Period 4
April 3 2013
America’s Future
Imagine living in a crowded studio apartment on a noisy city street, eating a ramen noodle diet, just barely making rent each month. Hundreds of thousands of Americans live in poverty, hardly making it. This is mainly due to little job opportunity because of lack of qualification. A large portion of high school graduates do not even attend college mainly because they simply cannot afford it. If the United States government would pay for college, the vast burden of debt from student loans would be eliminated. Young adults are far more likely to attend post-secondary school if they have financial help.

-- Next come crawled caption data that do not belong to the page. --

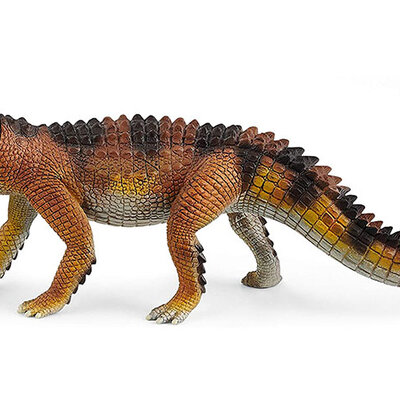 SCHLEICH Figurice Dinosaurusi - Kaprosuchus 15025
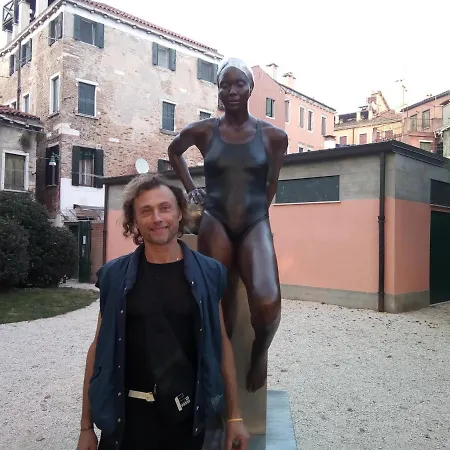 Biennale * Venedig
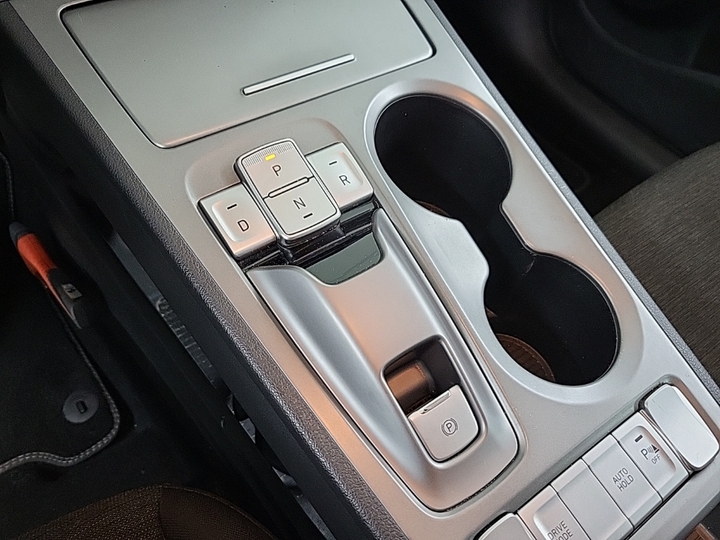 Foto 11 van Hyundai Kona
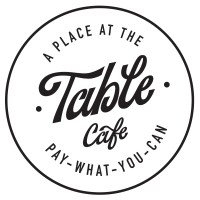 A Place at the Table logo - Similar company to 321 Coffee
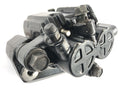 Honda XL 600 LM PD04 [1989] - brake caliper brake tongs at the front-2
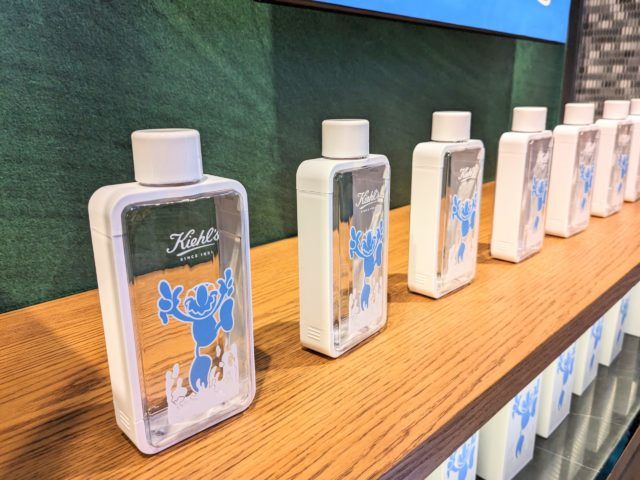 キールズ クリームUFC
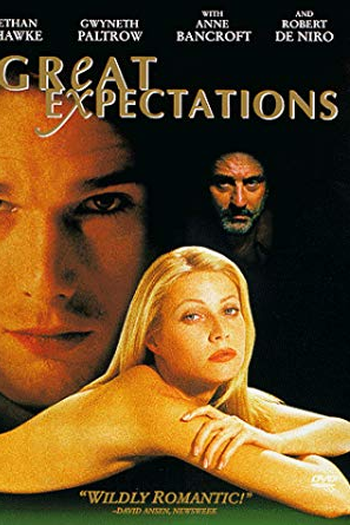  de Filme Grandes Esperanças (1998)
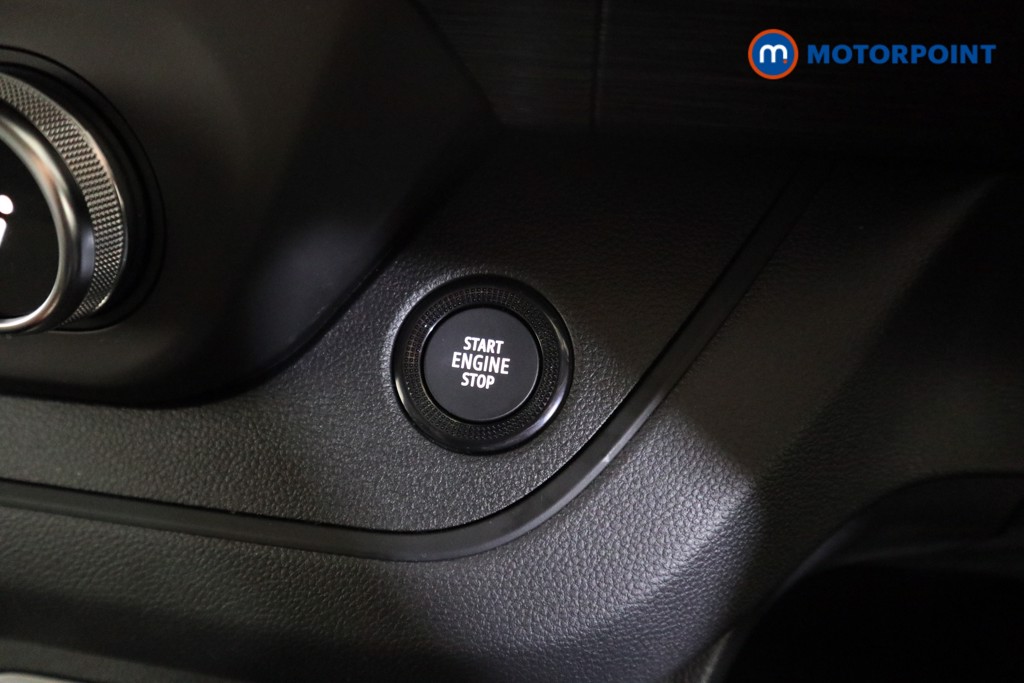 Renault Trafic Advance Automatic Electric Panel Van - Stock Number (1603983) - 9th supplementary image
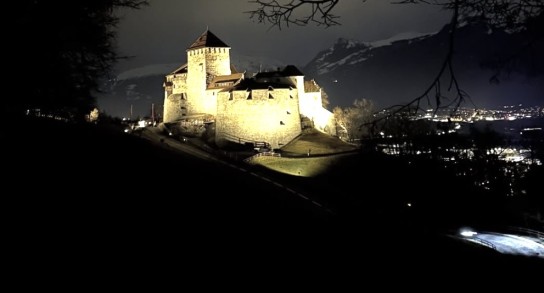 Liechtenstein Tourismus - 2 Übernachtungen für 2 Personen im Wert von CHF 500 inkl. ALL INCLUSIVE Erlebnispass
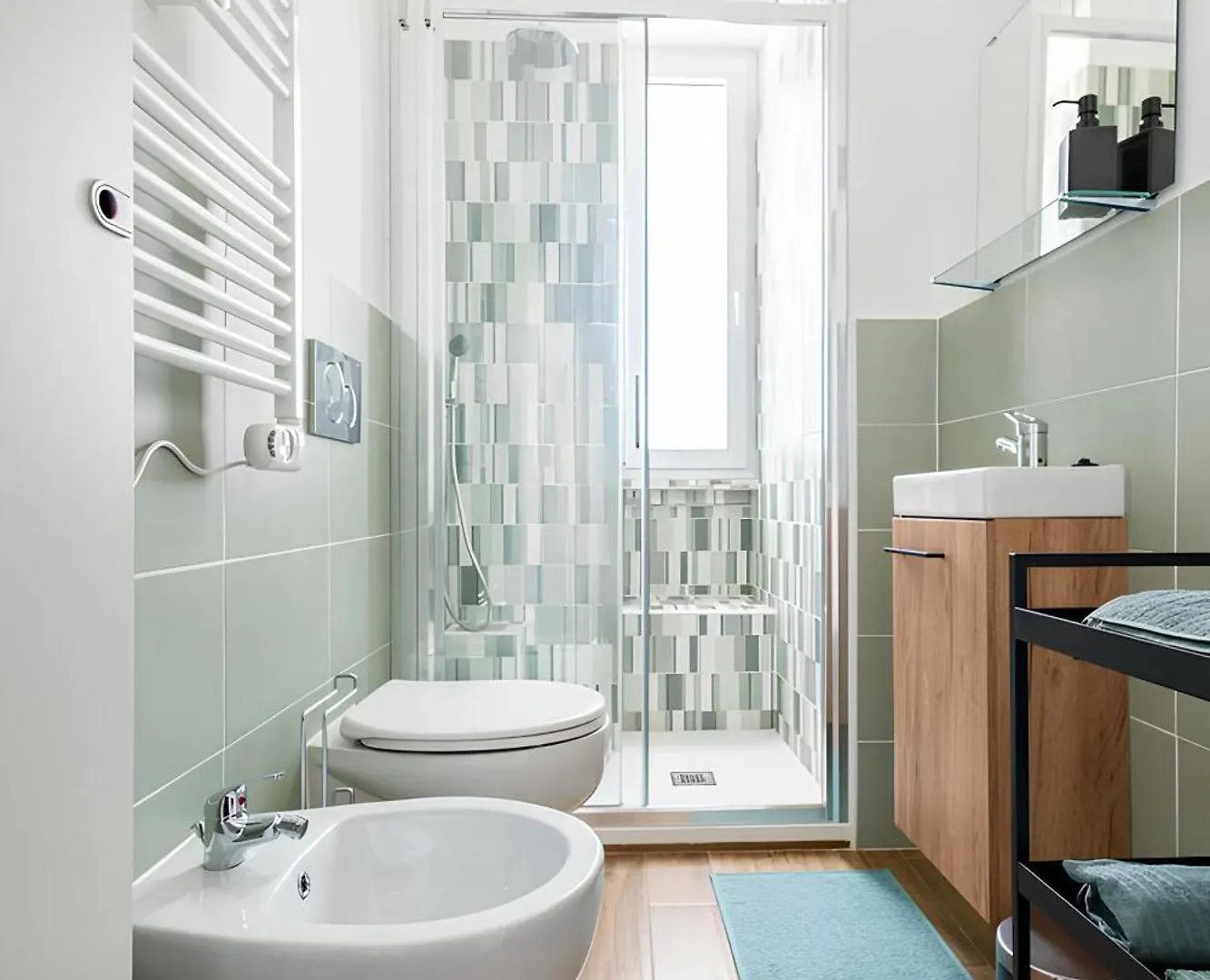 Santa Giulia Suite - 15 Minutes From City Centre Milan Apartment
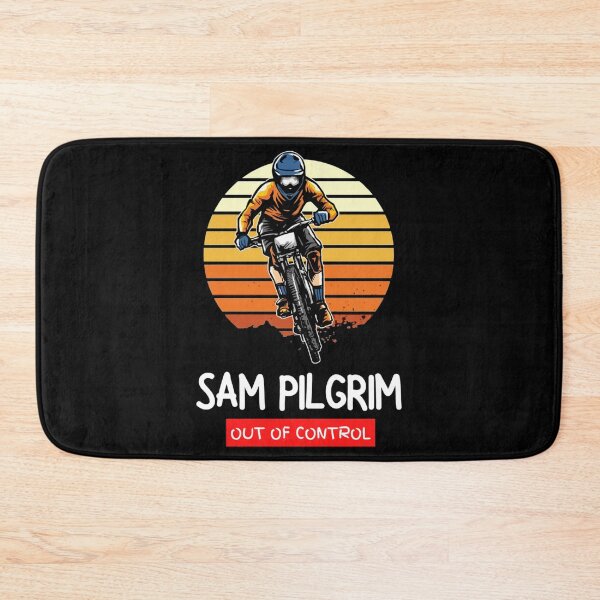 Item preview, Sam Pilgrim Essential               designed and sold by BreannBracewell.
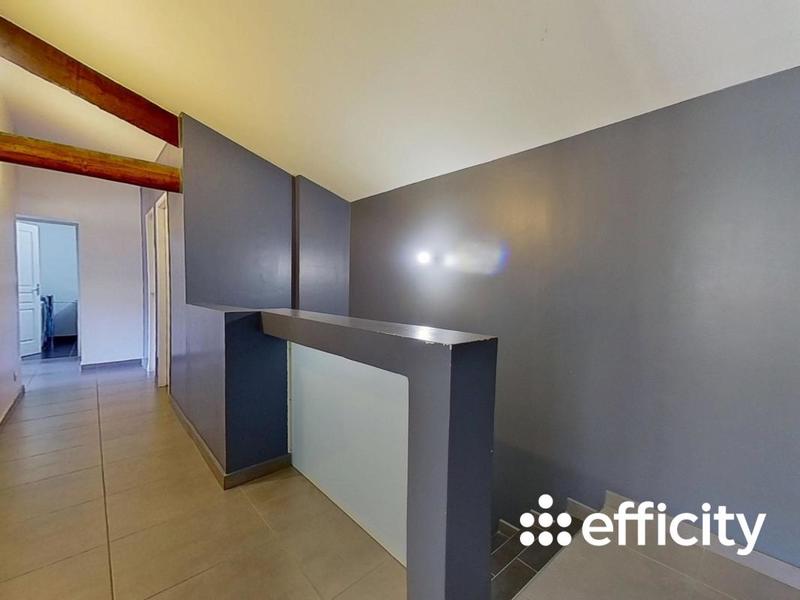 Maison - 150 m² - 5 pièces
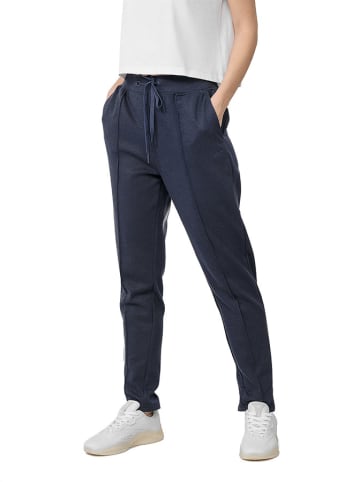 4F Broek donkerblauw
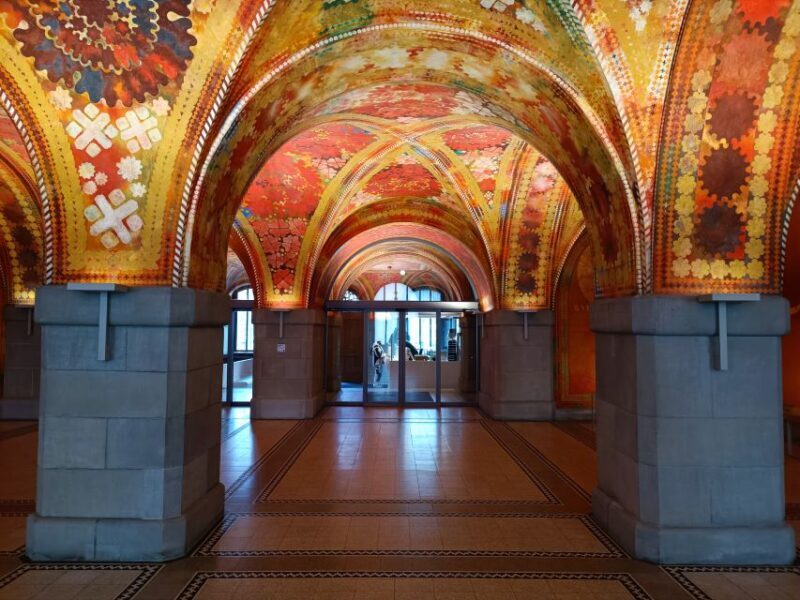 Zurich: Private Walking Tour with a Local Guide - Final Thoughts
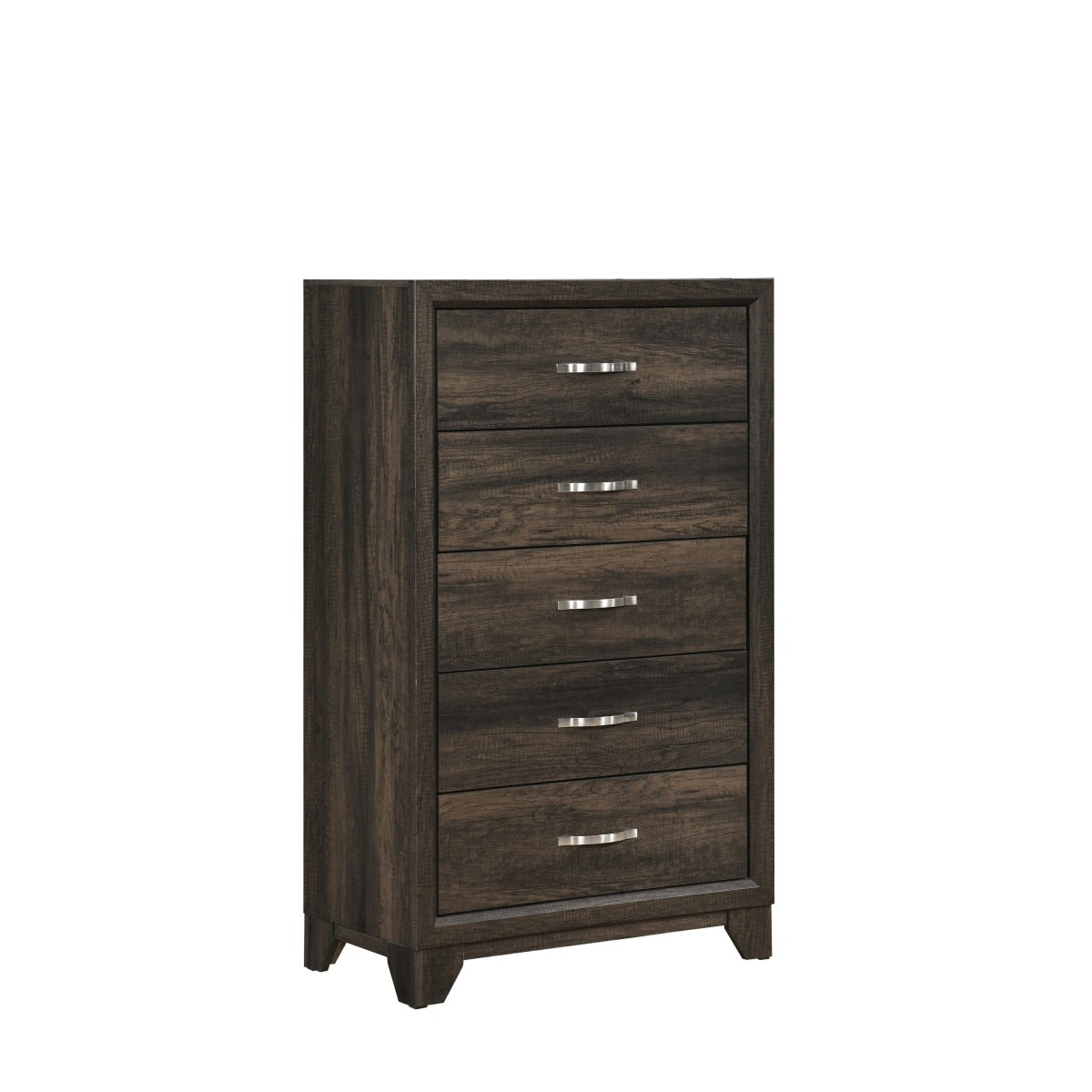 SH2105-1*9 5PC SET (QB+NS+DR+MR+CH)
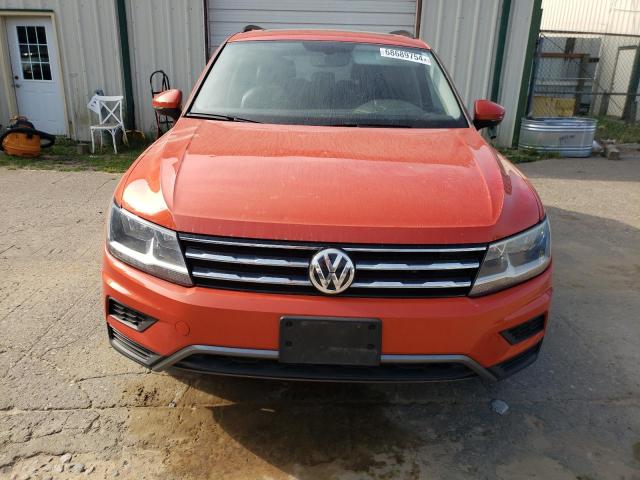 VIN 3VV2B7AXXJM166047 2018 Volkswagen Tiguan, SE no.5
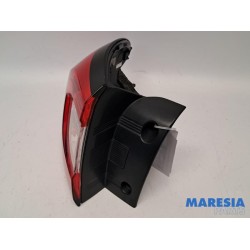 Renault - Captur - Achterlicht links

The 1950s and 1960s were the best times that this country has ever experienced because of better educational opportunities. At the end of World War II, in 1945, the Servicemen's Readjustment Act gave the World War II veterans the opportunity to a free college education. Due to the bill, the amount of college graduates increased dramatically. The United States became the country with the highest standard of living in the world. Satellite communications, missiles and space, semiconductors, aviation and medical science technologies were all developed due to the U.S. having the largest percentage of college graduates in the world.
Many countries have realized the significance in educating their people, and provide free college education. A society that is educated is better equipped to deal with the upcoming of a more globalized world. Eventually, countries will need to compete against people from other countries whose educational systems may be superior to theirs, which is why every government should pay for college for its own citizens.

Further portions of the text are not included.